11 of 12 people found the following review helpful:
1.0 out of 5 stars
Ethnocentric Foreword Sets the Tone, November 11, 2008
This review is from: Mysteries and Secrets of Voodoo, Santeria, and Obeah (Paperback)
At first glance "Mysteries and Secrets of Voodoo, Santeria and Obeah" looks like a serious scholarly work but it is actually anything but. The eurocentric foreword by Reverend Canon Stanley Mogford establishes a tone of cultural superiority and sets a baseline for the book by his definition of Christian supremacy over all other religions or spiritual traditions. He states that conversion to Christianity is a universal principle and that unchristian or "primitive" societies are an aberration. One must assume that the authors support this view. It would not have been surprising to read nonsense like this forty years ago, but to be printed today? What were the publishers thinking? The authors' outsider tone is condescending and colonialist and their speculative research meanders in and out of cultural histories that could not have possibly been linked to the Santeria tradition.
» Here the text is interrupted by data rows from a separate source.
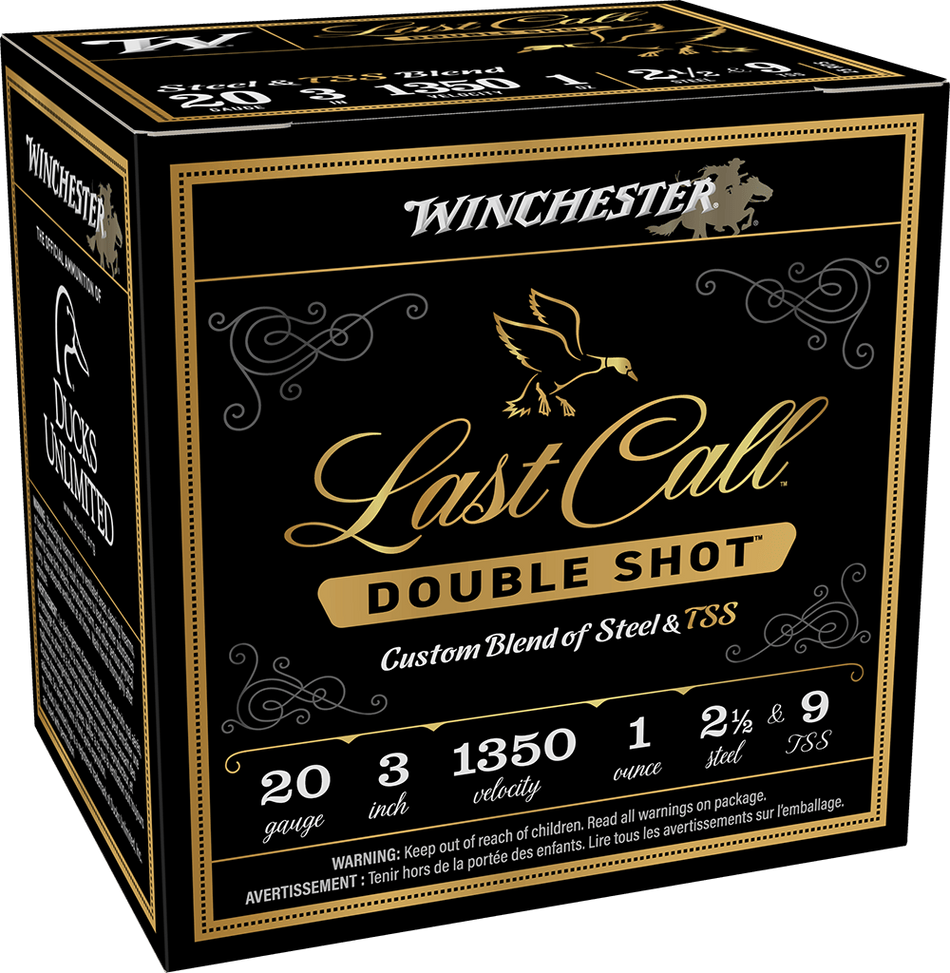 WINCHESTER 20 GA 3 HS 1 2.5&9TSS LSTCLDS 25 RD/BX 10 BX/CS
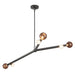 Reese 53-in Urban Bronze Dimmable LED Chandelier with Amber Glass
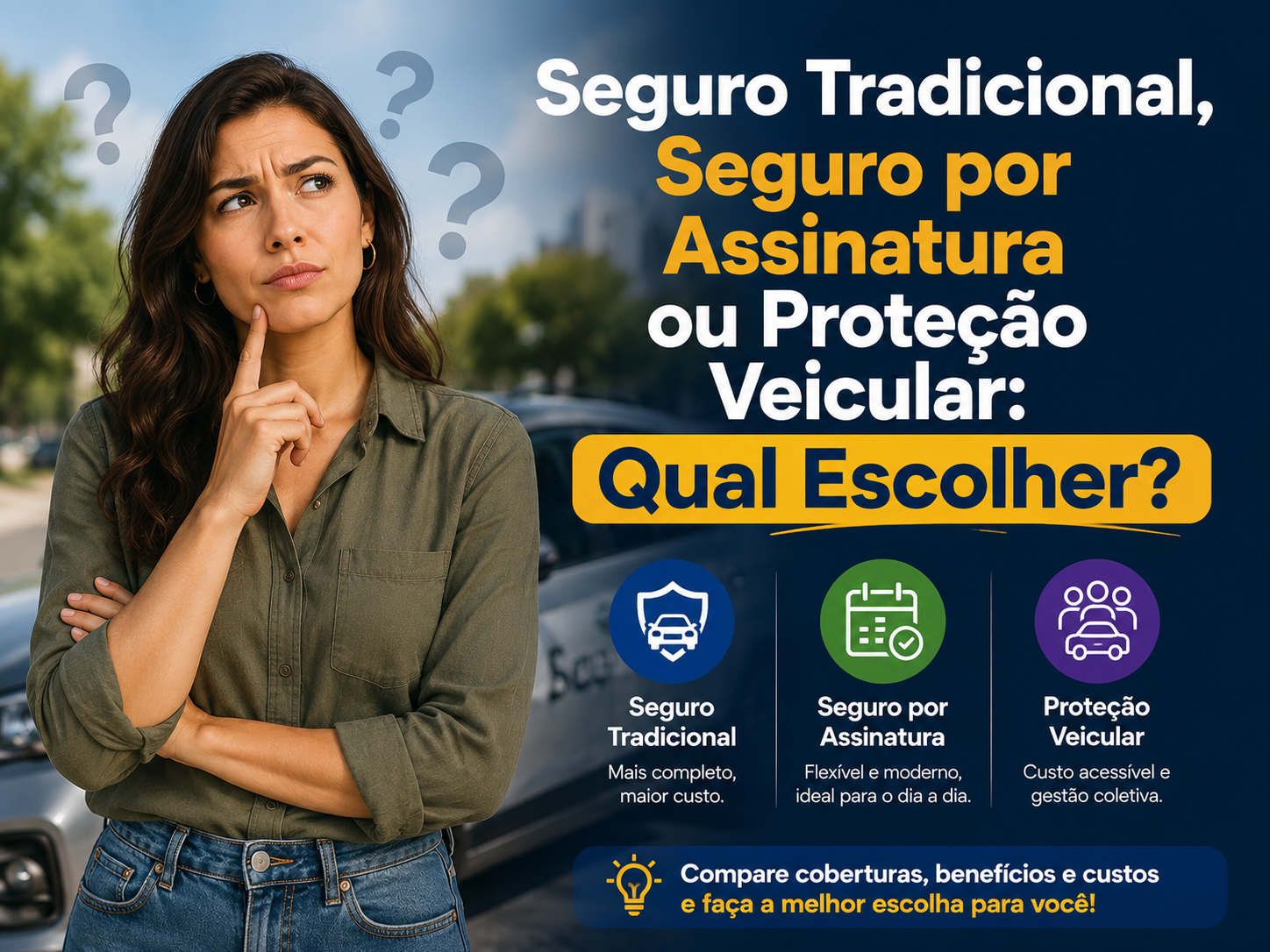 Seguro Tradicional, Seguro por Assinatura ou Proteção Veicular: Qual Escolher?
In a generalist, muddled way, they tie in various mystical traditions as if all are equal in superstitious triviality, so they MUST be connected ie. the Minotaur of Knossos, the Venus of Willendorf etc. By constant reference to the Santeria/Christian syncretization, they imply that Santeria did not stand alone as a fully-functioning valid spiritual tradition for centuries before encountering European domination. Because of its old-fashioned tone of imperialism, this book represents what can happen with the worst of ethnocentric-based study, and is to be avoided in favor of works on Santeria and Obeah by practitioners of those traditions in their own words (or anti-ethnocentric writers).